Maine has a legacy of hardworking laborers known for their humble pride. Here, lobstermen pull traps from the icy Atlantic, construction teams build houses in the snow and students in the state’s northern reaches take “potato recess” to help their families harvest.
For winemakers, that determination has driven them to seek out fruit that can withstand the harsh winters. While local wineries account for just 2% of the state’s wine sales, hybrid grapes like Marquette, Frontenac and Cayuga are doing their part to boost numbers.
Less than 75 acres planted
31 wineries participate in the Maine Wine Trail
The average annual temperature in Maine is 45.65˚
Chesuncook, a coarse loam left by the glaciers, is Maine’s official soil
“The good news over the past 10–15 years is the progress on these hybrids have allowed the vineyards in Maine to become much more productive than years prior,” says Bettina Doulton, owner of Cellardoor Winery. “Several of us have also planted L’Acadie Blanc, which does incredibly well in Maine.”
Along with Cellardoor, Dragonfly Farm & Winery is using hybrid grapes extensively, as well as making wine from cold-weather-loving Concord grapes. Savage Oakes Vineyard & Winery has also found success, with 10 grape varieties and hybrids, and it’s getting innovative in its use of co-ferments with other fruits.
Maréchal Foch, Léon Millot, Cayuga
Corot Noir, Frontenac, Frontenac Gris
Marquette, St. Croix, La Crosse, St. Pepin
Run by a husband-and-wife team, Elmer and Holly Savage, Savage Oakes was a farm for 200 years before the pair got into winemaking. Elmer takes advantage of both the rich soil and his agricultural degree to produce 90% of their wines from estate-grown fruit, mostly grapes and blueberries.

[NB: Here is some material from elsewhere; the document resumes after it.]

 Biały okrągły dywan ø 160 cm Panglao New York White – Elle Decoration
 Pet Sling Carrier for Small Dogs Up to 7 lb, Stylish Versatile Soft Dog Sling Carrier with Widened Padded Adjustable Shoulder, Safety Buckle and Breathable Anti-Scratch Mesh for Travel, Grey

“I believe that wine from estate-grown fruit does give you a bit more sense of place than fruit sourced elsewhere,” says Elmer.
Wineries to Know
Bar Harbor Cellars, Cellardoor Winery, Dragonfly Farm & Winery
Eighteen Twenty Wines, Savage Oakes Vineyard & Winery
At Eighteen Twenty Wines in Portland, Owner Amanda O’Brien found that rhubarb wine has been well received, given its subtle rose-like notes. Plus, it’s easy to grow.
Winemakers in Maine may have individual approaches to the perfect glass, but they arrive there in the same trial-and-error fashion.
“Each winery is run so differently, but one thing is for sure: They are all run with grit,” says O’Brien.